→ Exercise details
Exactly the lines below from the one with "ea recovery password account" up to and including the one with "NJ license plate B57RYH" make up the answer, with nothing else added.

........

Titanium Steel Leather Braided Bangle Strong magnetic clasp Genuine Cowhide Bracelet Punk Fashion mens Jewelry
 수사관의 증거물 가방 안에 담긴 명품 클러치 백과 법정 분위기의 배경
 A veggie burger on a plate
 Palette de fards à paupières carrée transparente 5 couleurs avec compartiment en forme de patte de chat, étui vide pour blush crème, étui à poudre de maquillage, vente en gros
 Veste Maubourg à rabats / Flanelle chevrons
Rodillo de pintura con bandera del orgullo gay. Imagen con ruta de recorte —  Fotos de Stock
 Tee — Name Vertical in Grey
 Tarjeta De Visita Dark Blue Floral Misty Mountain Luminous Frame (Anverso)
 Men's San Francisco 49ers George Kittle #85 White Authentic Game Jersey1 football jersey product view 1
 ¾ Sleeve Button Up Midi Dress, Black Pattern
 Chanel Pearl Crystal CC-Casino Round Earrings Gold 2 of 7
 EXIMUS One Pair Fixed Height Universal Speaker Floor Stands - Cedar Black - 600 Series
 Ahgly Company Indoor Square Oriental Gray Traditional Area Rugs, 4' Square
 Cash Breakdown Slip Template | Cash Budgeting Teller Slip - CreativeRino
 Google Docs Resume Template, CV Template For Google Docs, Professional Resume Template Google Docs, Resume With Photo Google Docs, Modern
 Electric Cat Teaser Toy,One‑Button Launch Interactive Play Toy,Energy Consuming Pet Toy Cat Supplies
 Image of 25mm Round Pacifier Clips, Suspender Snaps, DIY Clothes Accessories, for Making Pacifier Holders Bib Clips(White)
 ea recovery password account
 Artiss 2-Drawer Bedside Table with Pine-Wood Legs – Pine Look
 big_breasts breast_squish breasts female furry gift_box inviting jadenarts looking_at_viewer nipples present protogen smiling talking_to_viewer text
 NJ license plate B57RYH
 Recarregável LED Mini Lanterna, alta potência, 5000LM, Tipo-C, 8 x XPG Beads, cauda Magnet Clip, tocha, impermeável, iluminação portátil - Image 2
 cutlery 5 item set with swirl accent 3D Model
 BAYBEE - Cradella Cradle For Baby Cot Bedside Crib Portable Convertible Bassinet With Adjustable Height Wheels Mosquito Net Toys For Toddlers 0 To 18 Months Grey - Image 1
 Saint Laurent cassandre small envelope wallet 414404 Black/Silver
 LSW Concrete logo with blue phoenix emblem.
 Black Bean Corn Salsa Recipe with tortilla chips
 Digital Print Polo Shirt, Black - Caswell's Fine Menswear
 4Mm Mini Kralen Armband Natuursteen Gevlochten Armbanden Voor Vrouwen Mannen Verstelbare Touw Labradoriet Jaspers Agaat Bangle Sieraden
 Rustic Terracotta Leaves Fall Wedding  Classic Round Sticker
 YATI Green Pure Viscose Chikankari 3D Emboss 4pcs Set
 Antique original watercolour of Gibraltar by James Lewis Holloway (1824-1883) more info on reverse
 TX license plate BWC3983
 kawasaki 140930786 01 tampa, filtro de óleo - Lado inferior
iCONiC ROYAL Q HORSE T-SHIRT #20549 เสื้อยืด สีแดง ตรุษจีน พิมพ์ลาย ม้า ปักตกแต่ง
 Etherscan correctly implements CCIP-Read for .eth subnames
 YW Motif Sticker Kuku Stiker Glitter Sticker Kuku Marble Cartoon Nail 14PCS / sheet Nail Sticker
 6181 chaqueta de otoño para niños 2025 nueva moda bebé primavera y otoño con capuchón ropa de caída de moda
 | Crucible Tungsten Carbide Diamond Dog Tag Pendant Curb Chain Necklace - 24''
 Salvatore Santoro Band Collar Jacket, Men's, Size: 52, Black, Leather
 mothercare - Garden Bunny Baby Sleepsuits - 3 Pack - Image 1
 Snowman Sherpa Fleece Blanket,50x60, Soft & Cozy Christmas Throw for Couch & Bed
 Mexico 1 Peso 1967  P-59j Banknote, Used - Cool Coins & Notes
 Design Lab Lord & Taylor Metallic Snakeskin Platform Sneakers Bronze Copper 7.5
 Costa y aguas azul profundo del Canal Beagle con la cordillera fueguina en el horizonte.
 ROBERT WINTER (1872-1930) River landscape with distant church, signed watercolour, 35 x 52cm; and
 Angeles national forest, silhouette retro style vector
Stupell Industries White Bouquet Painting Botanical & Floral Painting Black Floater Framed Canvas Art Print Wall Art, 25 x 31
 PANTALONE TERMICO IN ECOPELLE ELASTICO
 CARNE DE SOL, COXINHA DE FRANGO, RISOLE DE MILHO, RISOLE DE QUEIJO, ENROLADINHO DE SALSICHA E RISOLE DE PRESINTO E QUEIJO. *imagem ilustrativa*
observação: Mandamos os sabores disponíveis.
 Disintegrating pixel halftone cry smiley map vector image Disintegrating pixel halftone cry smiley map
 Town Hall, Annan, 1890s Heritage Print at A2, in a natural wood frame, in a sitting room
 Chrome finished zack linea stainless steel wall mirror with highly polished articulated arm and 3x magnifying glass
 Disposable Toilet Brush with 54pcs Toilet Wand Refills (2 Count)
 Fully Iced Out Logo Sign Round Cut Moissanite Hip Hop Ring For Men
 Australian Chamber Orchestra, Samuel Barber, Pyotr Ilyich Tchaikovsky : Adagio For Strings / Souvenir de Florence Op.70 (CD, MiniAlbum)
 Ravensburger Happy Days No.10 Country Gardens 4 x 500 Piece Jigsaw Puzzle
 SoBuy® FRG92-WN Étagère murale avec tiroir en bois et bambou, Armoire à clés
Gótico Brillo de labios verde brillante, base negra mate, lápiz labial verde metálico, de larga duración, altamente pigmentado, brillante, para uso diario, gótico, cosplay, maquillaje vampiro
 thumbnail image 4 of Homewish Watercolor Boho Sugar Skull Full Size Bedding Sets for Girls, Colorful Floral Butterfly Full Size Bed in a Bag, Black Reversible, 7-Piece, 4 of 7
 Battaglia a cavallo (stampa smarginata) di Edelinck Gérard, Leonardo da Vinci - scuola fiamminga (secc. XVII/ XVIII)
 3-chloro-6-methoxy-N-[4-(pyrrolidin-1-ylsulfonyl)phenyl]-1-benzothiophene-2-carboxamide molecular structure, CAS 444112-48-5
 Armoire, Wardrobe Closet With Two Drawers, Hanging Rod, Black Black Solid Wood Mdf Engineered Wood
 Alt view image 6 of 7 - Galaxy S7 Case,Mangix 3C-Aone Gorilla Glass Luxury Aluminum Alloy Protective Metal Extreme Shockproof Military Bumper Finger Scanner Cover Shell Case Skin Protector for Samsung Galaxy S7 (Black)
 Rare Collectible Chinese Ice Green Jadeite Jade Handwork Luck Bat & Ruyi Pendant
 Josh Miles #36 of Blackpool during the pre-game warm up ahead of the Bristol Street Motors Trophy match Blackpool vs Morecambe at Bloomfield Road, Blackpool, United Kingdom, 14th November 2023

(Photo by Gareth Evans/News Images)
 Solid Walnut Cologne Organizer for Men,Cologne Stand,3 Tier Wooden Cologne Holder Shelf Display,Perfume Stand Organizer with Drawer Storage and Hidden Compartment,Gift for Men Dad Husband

........

→ Result for this task
 ea recovery password account
 Artiss 2-Drawer Bedside Table with Pine-Wood Legs – Pine Look
 big_breasts breast_squish breasts female furry gift_box inviting jadenarts looking_at_viewer nipples present protogen smiling talking_to_viewer text
 NJ license plate B57RYH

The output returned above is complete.